* **Aim of the exercise**
From the data, copy out every line in which the word "Botox" appears.

Short text fragments from websites:

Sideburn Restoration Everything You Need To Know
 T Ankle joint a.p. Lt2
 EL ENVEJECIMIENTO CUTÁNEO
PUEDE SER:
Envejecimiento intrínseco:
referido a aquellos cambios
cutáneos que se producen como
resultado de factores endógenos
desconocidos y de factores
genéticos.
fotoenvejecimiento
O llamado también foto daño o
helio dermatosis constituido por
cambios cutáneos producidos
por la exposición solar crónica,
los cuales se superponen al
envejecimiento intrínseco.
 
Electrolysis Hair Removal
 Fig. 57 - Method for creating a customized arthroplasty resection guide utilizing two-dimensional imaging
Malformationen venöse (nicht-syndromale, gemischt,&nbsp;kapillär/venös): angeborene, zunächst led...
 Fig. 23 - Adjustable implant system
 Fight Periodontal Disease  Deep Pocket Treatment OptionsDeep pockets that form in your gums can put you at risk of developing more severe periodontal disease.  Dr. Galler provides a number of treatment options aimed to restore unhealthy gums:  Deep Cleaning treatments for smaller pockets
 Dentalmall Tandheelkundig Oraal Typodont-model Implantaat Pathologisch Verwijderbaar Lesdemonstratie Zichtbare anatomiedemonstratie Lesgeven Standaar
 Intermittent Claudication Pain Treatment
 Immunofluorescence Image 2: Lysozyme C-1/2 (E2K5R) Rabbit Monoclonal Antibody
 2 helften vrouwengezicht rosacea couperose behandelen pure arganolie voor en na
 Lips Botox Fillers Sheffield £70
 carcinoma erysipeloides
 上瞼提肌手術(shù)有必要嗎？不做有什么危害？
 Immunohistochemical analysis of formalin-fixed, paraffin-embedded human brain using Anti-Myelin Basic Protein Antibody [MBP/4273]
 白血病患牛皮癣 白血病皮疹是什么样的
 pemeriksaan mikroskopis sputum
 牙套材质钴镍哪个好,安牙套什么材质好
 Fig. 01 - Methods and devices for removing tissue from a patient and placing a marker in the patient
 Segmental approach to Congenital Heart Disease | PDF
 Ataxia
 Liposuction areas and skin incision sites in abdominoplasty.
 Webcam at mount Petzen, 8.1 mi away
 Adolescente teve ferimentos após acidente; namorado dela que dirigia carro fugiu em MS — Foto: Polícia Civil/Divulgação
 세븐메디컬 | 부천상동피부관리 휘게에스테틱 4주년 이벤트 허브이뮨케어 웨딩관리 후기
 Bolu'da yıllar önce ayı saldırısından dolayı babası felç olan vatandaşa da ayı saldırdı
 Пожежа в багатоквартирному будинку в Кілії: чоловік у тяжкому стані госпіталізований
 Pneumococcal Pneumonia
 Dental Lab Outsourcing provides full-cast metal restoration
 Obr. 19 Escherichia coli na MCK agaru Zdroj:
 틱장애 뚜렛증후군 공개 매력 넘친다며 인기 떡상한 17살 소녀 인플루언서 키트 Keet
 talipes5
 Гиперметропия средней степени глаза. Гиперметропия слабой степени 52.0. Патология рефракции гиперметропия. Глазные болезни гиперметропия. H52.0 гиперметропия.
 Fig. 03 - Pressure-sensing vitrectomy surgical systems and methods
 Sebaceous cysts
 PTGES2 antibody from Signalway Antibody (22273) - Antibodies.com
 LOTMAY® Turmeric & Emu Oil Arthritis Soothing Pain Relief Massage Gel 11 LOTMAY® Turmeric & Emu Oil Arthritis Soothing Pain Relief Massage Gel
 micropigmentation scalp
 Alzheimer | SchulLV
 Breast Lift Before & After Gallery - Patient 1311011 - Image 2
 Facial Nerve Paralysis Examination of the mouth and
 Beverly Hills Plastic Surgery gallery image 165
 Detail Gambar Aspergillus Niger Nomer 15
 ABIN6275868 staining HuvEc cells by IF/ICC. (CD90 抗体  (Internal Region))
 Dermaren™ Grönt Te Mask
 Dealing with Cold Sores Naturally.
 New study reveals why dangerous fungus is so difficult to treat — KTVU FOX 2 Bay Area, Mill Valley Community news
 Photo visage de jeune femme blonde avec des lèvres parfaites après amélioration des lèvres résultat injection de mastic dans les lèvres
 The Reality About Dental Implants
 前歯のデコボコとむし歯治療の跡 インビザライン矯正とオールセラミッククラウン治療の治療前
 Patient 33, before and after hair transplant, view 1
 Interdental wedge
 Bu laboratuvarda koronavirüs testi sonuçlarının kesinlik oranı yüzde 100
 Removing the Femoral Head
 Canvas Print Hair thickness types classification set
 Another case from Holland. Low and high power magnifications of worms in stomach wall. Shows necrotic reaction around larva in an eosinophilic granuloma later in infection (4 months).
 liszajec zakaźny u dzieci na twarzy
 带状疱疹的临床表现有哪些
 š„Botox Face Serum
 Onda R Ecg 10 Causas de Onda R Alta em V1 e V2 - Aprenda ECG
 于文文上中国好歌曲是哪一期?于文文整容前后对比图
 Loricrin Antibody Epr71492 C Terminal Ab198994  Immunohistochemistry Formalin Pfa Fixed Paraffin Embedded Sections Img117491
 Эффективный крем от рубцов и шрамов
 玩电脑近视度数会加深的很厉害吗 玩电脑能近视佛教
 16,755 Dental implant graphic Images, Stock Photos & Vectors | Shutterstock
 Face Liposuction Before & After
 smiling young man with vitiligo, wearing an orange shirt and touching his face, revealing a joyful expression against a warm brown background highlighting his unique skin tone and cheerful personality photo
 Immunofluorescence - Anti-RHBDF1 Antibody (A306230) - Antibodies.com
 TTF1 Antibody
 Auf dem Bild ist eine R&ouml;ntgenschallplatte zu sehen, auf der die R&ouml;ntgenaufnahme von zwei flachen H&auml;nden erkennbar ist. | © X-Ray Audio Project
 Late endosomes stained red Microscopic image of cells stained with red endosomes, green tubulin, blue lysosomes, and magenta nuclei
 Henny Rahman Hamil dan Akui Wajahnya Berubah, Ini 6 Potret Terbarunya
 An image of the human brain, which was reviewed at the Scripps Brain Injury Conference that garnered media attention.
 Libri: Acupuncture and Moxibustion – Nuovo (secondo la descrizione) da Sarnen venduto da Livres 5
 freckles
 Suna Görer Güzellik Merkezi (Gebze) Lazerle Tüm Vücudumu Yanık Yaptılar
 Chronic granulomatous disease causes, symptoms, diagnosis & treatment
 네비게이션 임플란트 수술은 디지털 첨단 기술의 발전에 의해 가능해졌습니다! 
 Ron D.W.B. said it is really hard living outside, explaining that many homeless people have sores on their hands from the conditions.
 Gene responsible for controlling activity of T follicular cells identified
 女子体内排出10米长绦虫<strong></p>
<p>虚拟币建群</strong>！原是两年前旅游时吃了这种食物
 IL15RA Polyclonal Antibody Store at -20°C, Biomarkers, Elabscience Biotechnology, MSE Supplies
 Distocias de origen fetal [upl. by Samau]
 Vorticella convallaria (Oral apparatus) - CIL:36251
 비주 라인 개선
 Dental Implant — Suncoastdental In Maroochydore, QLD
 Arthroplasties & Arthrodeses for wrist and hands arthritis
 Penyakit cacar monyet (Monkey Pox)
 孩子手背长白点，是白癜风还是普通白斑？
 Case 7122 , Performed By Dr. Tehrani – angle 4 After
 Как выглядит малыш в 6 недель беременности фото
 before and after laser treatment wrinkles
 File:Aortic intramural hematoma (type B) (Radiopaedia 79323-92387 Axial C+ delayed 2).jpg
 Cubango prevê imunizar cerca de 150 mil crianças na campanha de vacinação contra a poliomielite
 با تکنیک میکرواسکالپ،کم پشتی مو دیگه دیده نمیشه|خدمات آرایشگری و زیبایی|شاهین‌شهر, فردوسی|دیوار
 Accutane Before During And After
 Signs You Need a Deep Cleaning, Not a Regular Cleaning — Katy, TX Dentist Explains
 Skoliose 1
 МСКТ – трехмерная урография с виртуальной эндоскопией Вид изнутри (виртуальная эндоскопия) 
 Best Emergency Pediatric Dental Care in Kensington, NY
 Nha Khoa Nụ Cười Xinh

* **Written solution**
 Lips Botox Fillers Sheffield £70
 š„Botox Face Serum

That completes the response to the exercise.